In fact, Crickman went into a deep depression the day after she was diagnosed. “I hid in my bedroom for a week,” she says. “We had a gun collection that my husband had inherited from his father. And I told him to get all the guns out of the house. I said it was because the kids were getting older. But the real story is that after my diagnosis I was completely suicidal.”
Meanwhile, Crickman also kept her diagnosis from her children, afraid they’d equate a serious medical condition with that of their grandfather who’d recently died. “I didn’t want my kids to be worried all the time,” she says. But they were. Her 10-year-old son “would sneak into the room just to make sure I was breathing,” she says.
Then she and her husband started fighting constantly. “I was tired of him screaming at me about why I wasn’t doing the things I used to do. In 2005, I told him to get out. He went and lived with his mother for three weeks."
Soon after, Crickman told her husband and children she had lupus. And after a close friend died, the couple decided to reconcile. Life wasn’t an instant bed of roses, but everyone has learned to cope—“we’re doing it together,” she says.
CNN.COM: Autism's mysteries remain as numbers grow
The “it’ll hurt my career” secret
Lupus’s sudden flare-ups can make the simplest tasks herculean and render many women unable to work—and afraid to tell employers for fear they’ll lose crucial health insurance. “A company will find any way to get rid of you,” says Mary Anderson (not her real name), 27, who was diagnosed with lupus a year ago.
Anderson’s job as a manager for a laboratory in Las Vegas doesn’t place many physical stresses on her, but there are days she knows her lupus compromises her job performance. Her position requires traveling, and her meds sometimes make driving difficult, even dangerous. And, on top of bone-weary fatigue, Anderson struggles to focus amid the lupus fog. “It’s quite overcoming,” she says. “I’ve been in the middle of doing something and completely forgotten what I was supposed to do. It doesn’t happen often, but it happens enough that I wonder if I should be on disability.”
For now, Anderson is keeping her job, holding off fears that she’ll suddenly be viewed as unworthy of employment. “People start to feel sorry for you, feel you can’t do this or that,” she says. “Because I’m in the beginning of my career, I don’t want the stigma.”
Although she attends a lupus support group, Anderson guards her secret on the job. “I regret that people can’t understand what I’m going through,” she says. “I feel plowed under. But news travels, and I can’t take the risk of someone who may have power or influence over my career finding out. I have to work. I have to keep my insurance.”

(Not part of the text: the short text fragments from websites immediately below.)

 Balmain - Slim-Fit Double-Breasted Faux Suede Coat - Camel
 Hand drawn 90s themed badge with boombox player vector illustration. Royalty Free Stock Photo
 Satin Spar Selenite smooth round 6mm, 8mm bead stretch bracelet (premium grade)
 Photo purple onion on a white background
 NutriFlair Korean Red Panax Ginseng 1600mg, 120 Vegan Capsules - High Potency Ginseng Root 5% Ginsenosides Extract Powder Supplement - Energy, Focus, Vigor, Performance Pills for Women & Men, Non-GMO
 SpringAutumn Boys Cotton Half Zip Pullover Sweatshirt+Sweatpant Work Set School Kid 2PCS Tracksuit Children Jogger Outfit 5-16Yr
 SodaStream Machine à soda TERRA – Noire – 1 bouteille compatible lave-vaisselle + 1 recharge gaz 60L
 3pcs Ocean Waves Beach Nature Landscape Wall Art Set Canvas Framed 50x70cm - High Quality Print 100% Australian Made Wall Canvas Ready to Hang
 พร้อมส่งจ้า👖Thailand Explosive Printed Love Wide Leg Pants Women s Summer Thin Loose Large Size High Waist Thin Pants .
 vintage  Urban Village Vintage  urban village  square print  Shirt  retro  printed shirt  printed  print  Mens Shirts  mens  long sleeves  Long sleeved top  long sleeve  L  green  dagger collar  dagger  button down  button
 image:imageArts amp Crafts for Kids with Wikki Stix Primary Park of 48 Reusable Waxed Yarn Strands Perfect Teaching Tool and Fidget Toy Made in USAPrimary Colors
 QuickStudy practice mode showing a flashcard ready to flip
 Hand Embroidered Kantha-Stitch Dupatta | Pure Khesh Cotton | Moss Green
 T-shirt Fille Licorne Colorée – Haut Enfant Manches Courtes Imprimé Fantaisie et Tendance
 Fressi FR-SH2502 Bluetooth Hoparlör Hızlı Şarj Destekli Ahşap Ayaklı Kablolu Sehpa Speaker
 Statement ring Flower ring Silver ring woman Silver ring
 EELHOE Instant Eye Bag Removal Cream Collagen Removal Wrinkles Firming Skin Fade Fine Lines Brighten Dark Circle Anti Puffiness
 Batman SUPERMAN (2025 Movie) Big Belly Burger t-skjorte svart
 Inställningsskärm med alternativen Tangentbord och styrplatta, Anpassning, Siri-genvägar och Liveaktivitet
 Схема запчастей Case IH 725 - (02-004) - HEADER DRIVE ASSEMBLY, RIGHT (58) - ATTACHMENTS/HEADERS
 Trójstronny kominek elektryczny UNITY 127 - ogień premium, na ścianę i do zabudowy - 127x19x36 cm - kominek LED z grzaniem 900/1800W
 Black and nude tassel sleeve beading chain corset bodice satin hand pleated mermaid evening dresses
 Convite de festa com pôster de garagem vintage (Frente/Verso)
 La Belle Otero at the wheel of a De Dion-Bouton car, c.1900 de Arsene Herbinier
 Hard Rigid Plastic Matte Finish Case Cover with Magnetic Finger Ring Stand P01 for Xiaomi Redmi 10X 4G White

And yet. Ruth Blanc, 33, another lupus patient who’d kept her diagnosis secret, found herself suddenly stepping into the light of disclosure—with profoundly positive results. During a remission, she got a human resources position at a New York City–based nonprofit agency, and her first flare-up created suspicion and concern among her supervisors and co-workers. “They said, ‘What happened to you? When we interviewed you, you were vivacious. Now you sound groggy. Are you stressed out?’” Blanc maintained she was fine. “I should have said, ‘No, I’m not fine,’” she says, “but I thought that would make them look for something and maybe even fire me.”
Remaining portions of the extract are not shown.